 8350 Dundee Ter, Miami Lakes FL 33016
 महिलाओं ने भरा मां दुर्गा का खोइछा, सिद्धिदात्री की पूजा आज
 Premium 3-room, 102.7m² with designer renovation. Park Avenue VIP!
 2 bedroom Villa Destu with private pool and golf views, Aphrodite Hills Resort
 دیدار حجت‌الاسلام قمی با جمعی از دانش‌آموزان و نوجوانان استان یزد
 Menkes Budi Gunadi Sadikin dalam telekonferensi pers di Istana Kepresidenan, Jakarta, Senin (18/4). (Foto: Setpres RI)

...

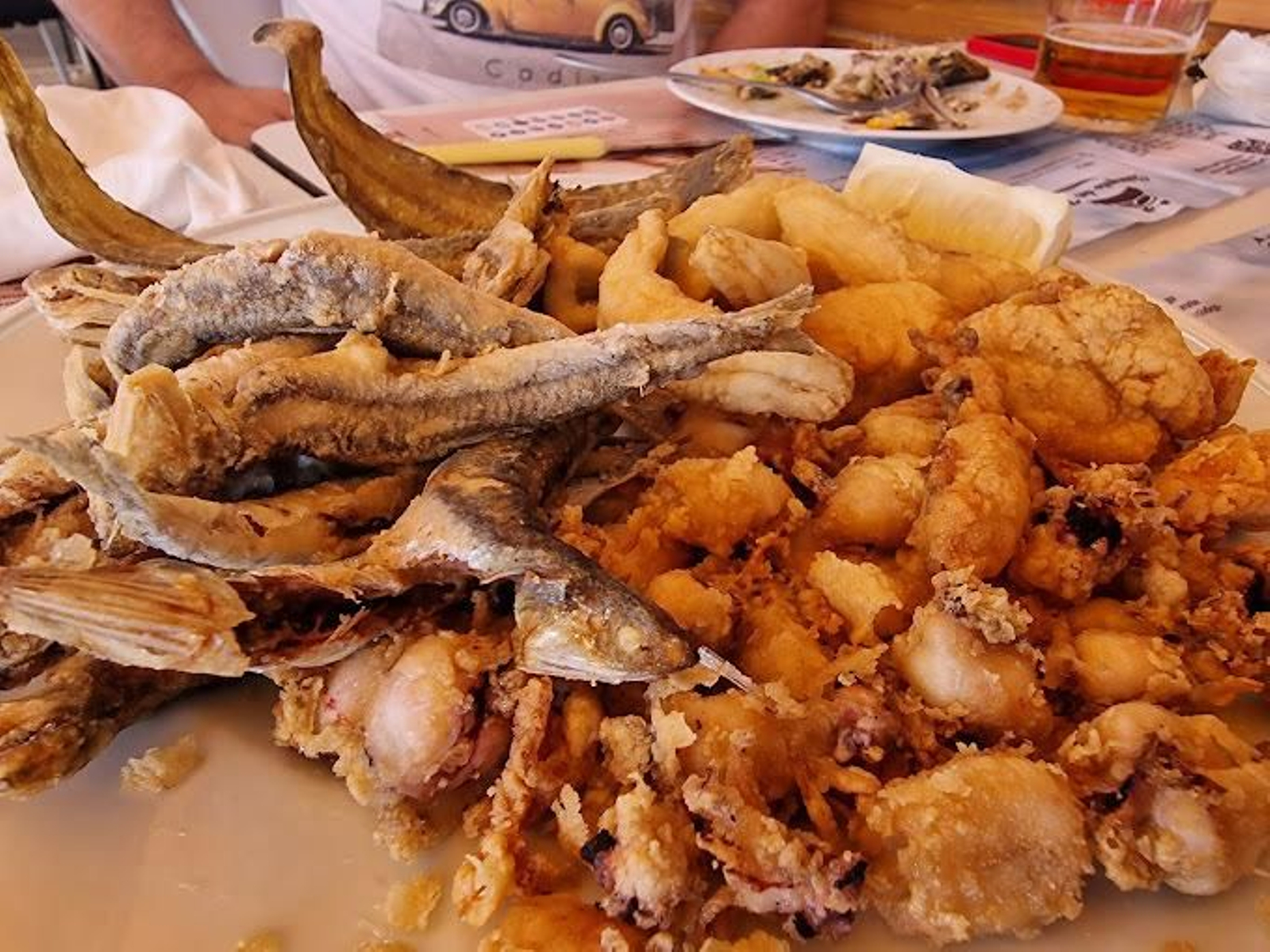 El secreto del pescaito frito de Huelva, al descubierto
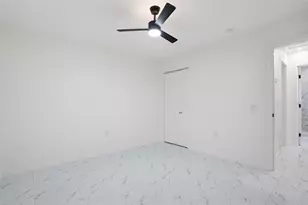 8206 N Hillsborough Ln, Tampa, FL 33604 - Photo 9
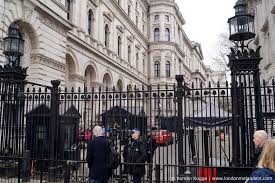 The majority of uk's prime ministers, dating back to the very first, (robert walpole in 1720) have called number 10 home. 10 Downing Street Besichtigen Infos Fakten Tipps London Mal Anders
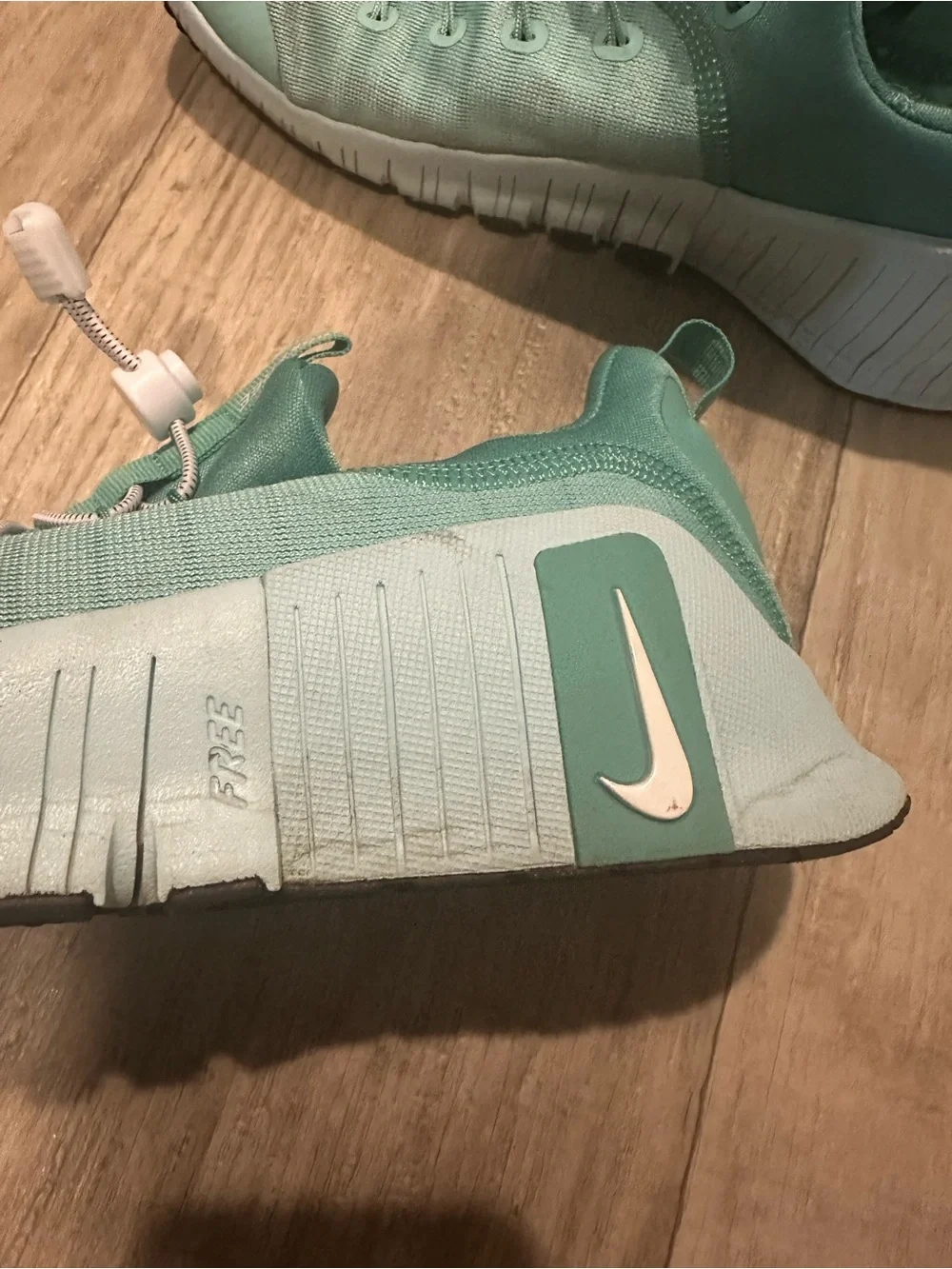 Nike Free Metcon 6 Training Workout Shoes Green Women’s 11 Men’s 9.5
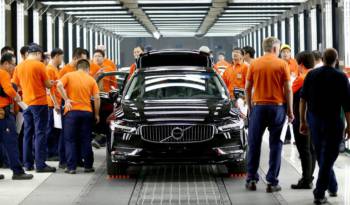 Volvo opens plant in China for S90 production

▶ _THE PROBLEM_: Note every line above where the string "with" shows up, and copy those lines.

▶ _RESULT_:
 Premium 3-room, 102.7m² with designer renovation. Park Avenue VIP!
 2 bedroom Villa Destu with private pool and golf views, Aphrodite Hills Resort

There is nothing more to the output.